**ASSIGNMENT**
Write out exactly the lines below starting at the one containing "Gradient Color Wig" and ending at the one containing "Pantalons Décontracté Floral". Omit every picture.

**MATERIALS PROVIDED**
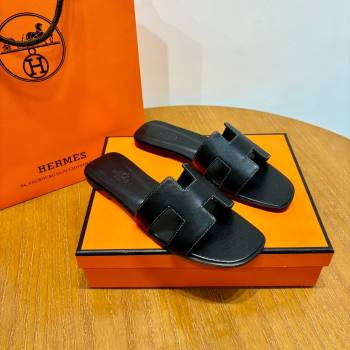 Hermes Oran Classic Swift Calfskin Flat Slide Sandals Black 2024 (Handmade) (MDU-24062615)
* * *
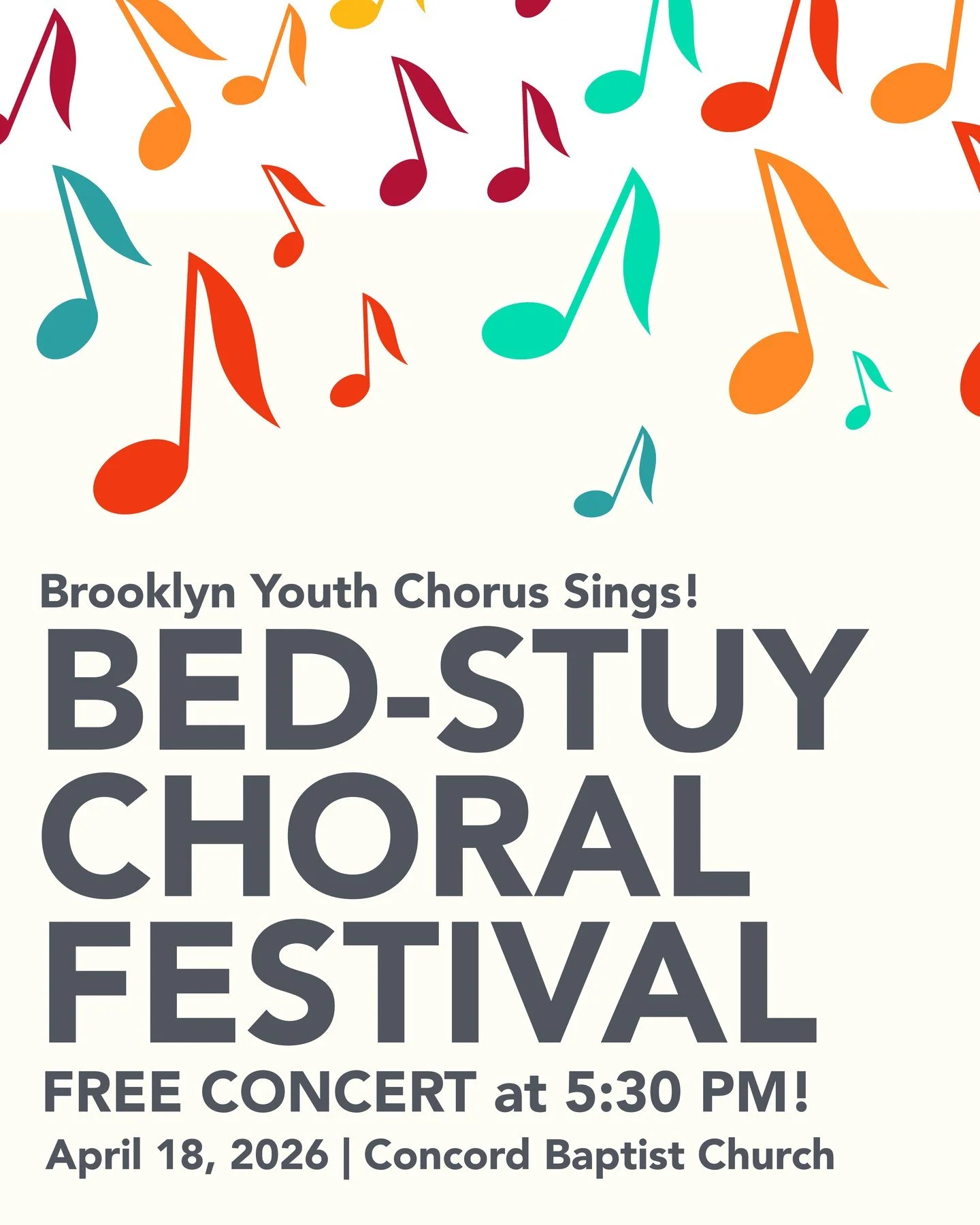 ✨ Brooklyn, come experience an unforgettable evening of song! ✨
* * *
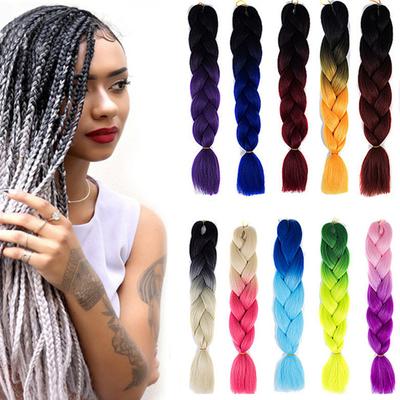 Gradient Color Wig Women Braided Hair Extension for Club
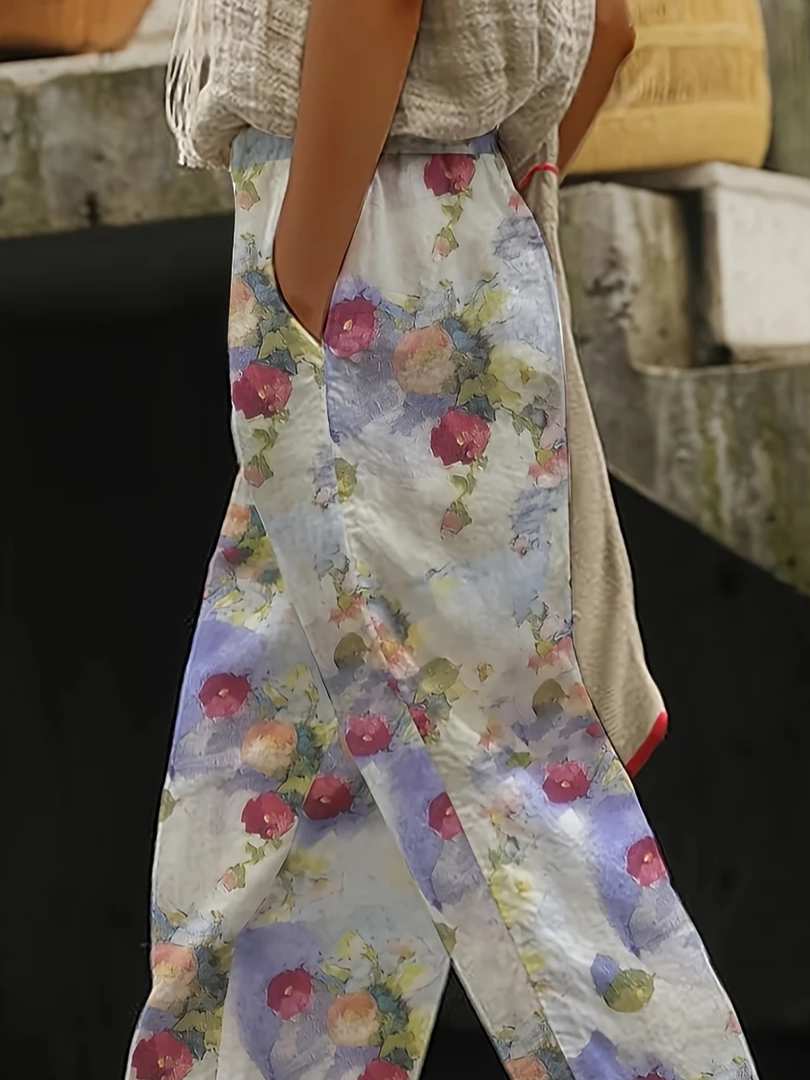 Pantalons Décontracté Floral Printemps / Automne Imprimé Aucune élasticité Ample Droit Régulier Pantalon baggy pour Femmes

**SOLUTION TO THIS PROBLEM**
 Gradient Color Wig Women Braided Hair Extension for Club
 Pantalons Décontracté Floral Printemps / Automne Imprimé Aucune élasticité Ample Droit Régulier Pantalon baggy pour Femmes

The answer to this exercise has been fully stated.